Please return every line in the following data that includes the string "Photo".

BEGIN EXCERPTED DATA

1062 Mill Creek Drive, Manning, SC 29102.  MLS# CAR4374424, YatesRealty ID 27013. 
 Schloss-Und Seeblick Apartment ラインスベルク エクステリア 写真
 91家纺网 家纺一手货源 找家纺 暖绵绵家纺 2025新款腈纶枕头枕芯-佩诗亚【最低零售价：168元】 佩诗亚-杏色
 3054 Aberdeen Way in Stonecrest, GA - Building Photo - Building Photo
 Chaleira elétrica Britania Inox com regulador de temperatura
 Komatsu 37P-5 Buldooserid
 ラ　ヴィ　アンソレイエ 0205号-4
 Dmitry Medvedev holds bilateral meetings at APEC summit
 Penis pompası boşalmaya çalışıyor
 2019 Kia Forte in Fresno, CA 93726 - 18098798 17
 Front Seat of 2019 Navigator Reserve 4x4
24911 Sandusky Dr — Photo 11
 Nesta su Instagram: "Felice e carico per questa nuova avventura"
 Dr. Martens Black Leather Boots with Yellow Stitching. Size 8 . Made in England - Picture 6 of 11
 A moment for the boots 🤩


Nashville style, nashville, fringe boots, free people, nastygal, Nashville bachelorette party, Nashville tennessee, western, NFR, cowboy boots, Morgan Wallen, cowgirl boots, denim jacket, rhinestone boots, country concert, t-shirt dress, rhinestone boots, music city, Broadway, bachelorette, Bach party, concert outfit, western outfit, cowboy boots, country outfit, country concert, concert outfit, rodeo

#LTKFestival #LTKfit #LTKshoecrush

END EXCERPTED DATA

- **PROBLEM SOLUTION**:
 3054 Aberdeen Way in Stonecrest, GA - Building Photo - Building Photo
24911 Sandusky Dr — Photo 11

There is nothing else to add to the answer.